Em outras palavras, no modelo RPD decidimos optando pela primeira
alternativa viável, ao passo que nos modelos tradicionais decidimos buscando a
melhor alternativa dentre várias levantadas, e portanto em geral o modelo
tradicional é mais demorado. Por outro lado o modelo RPD se baseia fortemente
na intuição (na visão de Klein) ou no Sistema 1 (na visão de Kahneman), e portanto pode
muitas vezes induzir ao erro. Por isto recomenda-se o uso do modelo RPD nas
seguintes condições:
1.
Somos experts no domínio de conhecimento em
cima do qual a decisão precisa ser tomada. E por expert aqui estamos falando em alguém que possua vários anos de
experiência na área e neste período tenha vivenciado uma grande diversidade de
situações semelhantes e aprendido com elas.
2.
A
decisão precisa ser tomada quase que de imediato, do contrário o custo de não
escolher e agir pode ser muito alto.
Pesquisas de Gary Klein demonstram uma distinção crítica entre
especialistas e iniciantes quando colocados diante de situações recorrentes:
especialistas decidem rapidamente porque conseguem associar a situação atual
com alguma situação passada por eles vivenciada, ao passo que iniciantes, não
contando com este recurso, precisam analisar diferentes alternativas em busca
de alguma que resolva a questão, e por não possuírem experiência real muitas
vezes precisam recorrer a um processo de tentativa e erro.

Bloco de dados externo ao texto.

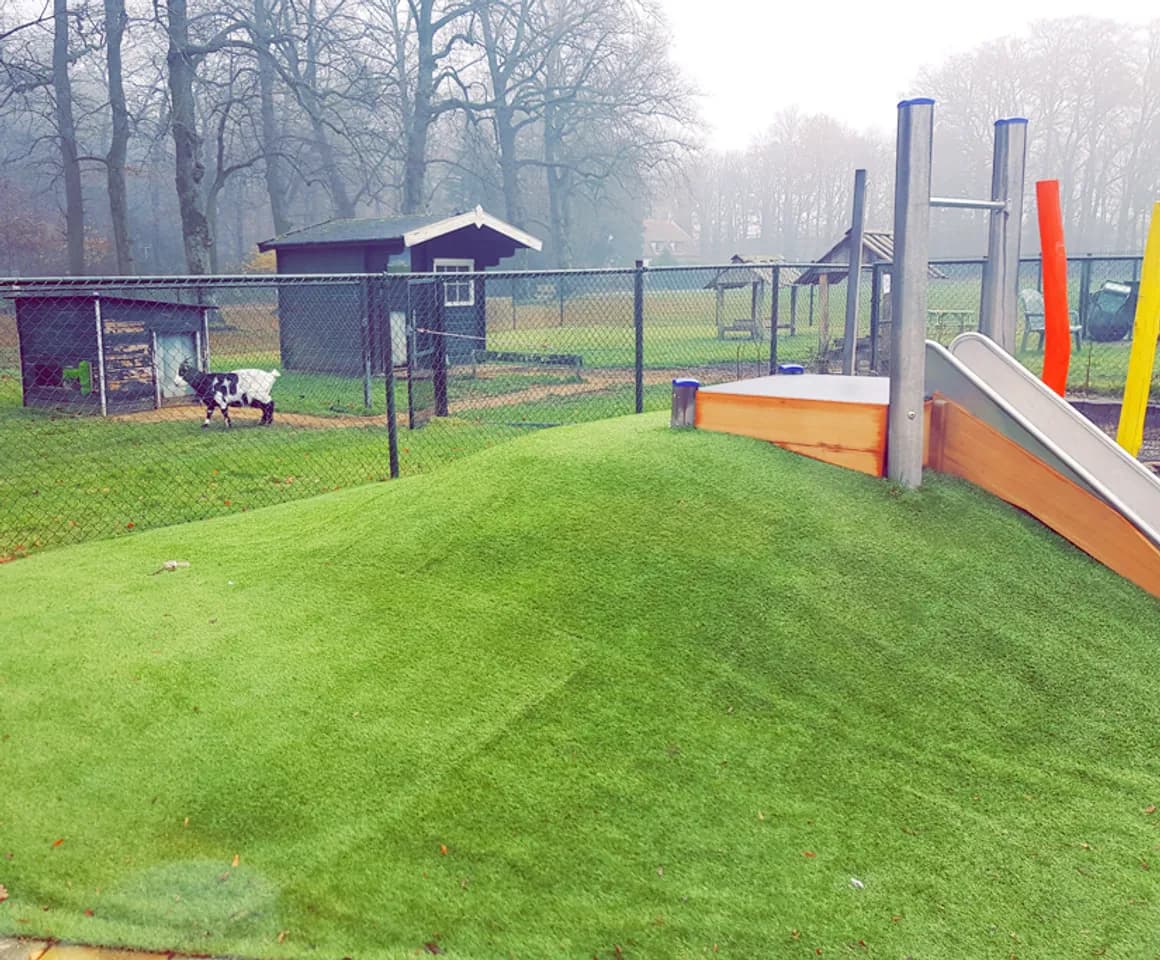 Buitenruimte bij Peuteropvang Huis ter Heide Oud Zandbergen van kinderopvang Kind&co ludens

Quanto maior a pressão da situação menos importante passa a ser a
melhor alternativa (que mesmo com base em métodos de decisão tradicionais
possui um componente subjetivo), e mais importante passa a ser uma alternativa
que resolva a situação, qualquer que seja esta.
Mas e se em um projeto com vários pontos de decisão de alta criticidade
não pudermos contar com experts nos
momentos de decisão? Klein tem uma possível resposta para isto, que é
desenvolver um programa de treinamento baseado em situações reais, de forma a
“acelerar” o processo de aprendizagem, algo que vários cursos de MBA adotam
através do uso de jogos empresariais. E isto não é tão inovador assim, afinal
há vários anos astronautas são treinados em simuladores antes de partirem para
missões espaciais de verdade. Devemos ainda sempre buscar analisar
posteriormente a qualidade das nossas decisões, realimentando o processo de
forma a melhorar cada vez mais a qualidade de nossas decisões. E na esfera
pessoal devemos, sempre que tivermos a oportunidade, buscar aprender com a
experiência dos especialistas, seja de forma direta e presencial, seja de forma
indireta através de relatos de lições aprendidas!